Zambia Commerce Trade and Industry Minister Chipoka Mulenga, the MP for Chingola, a Copperbelt area, was very impressive in providing assurances of very near-term incentivisation and showing great conscientiousness in re-entering proceedings to ensure that government would deal immediately with the perceived drawbacks to investment raised on the day.
Mulenga informed mining investors that to promote investment in the mining sector, the government would, with effect from January 1, 2022, implement mining tax incentives that: reintroduce, in alignment with international best practice, the tax deductibility of Mineral Royalty Tax, or MRT, for corporate income tax assessment purposes; and increase from five years to ten years the period for which unutilised disallowed interest for the purpose of corporate income tax may be carried forward.
Propagating green energy
He spoke with great conviction at the spotlight on Zambia event hosted by Webber Wentzel and Musa Dudhia & Co. Webber Wentzel Zambia country partner Mmadika Moloi moderated the in-person and online discussion in which panellists that included Energy Ministry private power chief engineer Clement Chiwele, Musa Dudhia managing partner Arshad Dudhia, Webber Wentzel partner Robert Appelbaum, Fraser Alexander CEO Keith Scott, Webber Wentzel partner Jonathan Veeran, Enel Green Power business development lead Kachinga-Wankunda Phiri, and Zambia economic advisory transition team member Nitesh Patel took part.
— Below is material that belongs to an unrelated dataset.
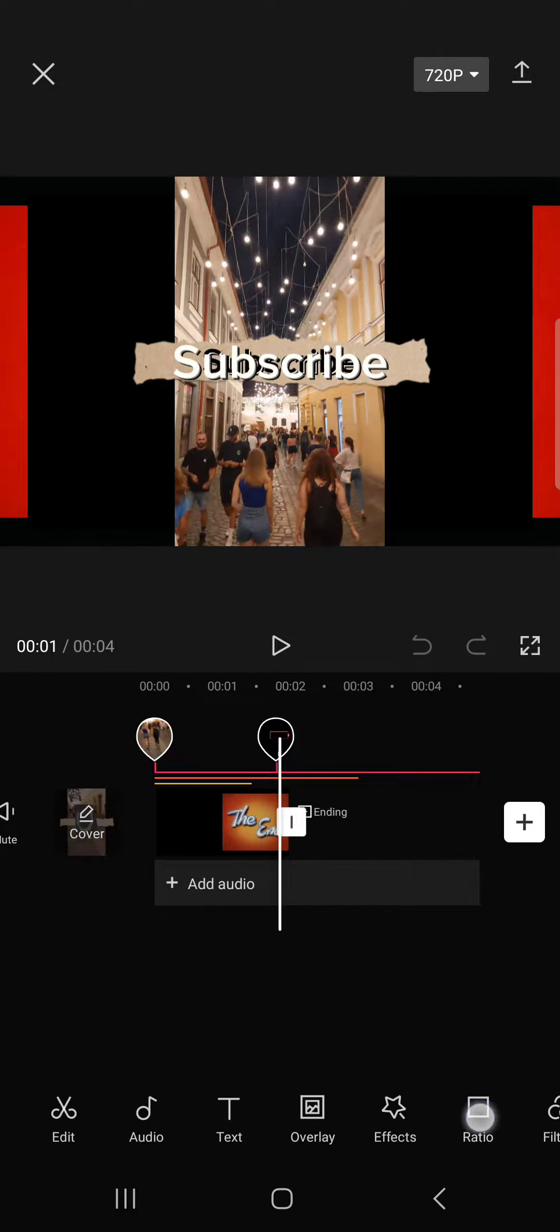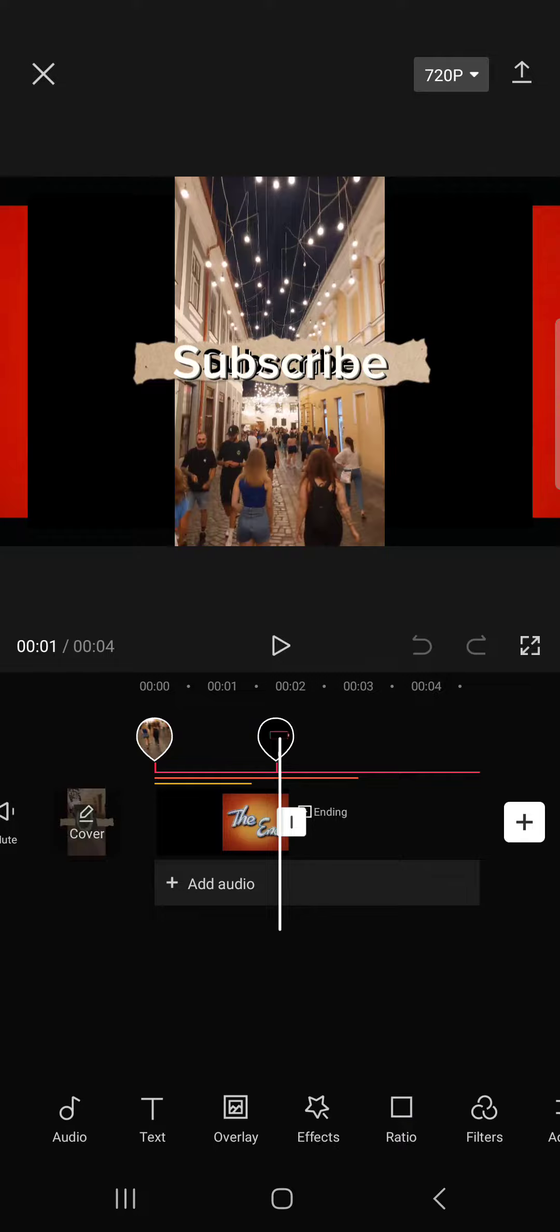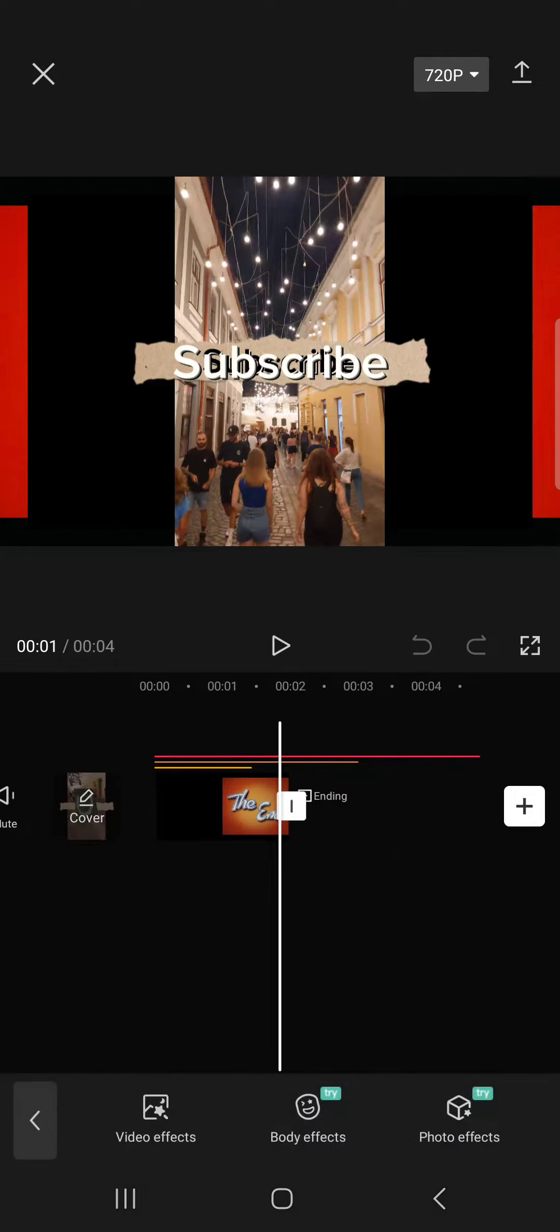Then in the editing menu, we just scroll on the bottom bar and find the effects button.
Zambia is so focused on propagating green energy that it has created a special Green Ministry to advance sun and wind energy, in addition to the development of more green hydropower in areas not prone to drought.
“There is tremendous mining opportunity in waste and a surface waste deposit is a deposit, a resource of copper, and there is a tremendous opportunity in Zambia to remine waste for both economic benefit and significant environmental benefit as well. It’s low-hanging fruit. One can generate revenue out of some of that waste and increase resources and reserves in existing mining jurisdictions quickly relative to going and finding new projects,” said Scott.
He referred constantly to the incumbent government as the New Dawn Zambia, which recognised energy as a key sector for development and an enabler of productivity. A better policy framework would deliver clean energy from renewable green sources to allow the country to lower its dependency on drought-prone hydroelectric power systems. With global warming threatening, solar, wind and geothermal power possibilities would be heaped on to the hydroelectric baseload.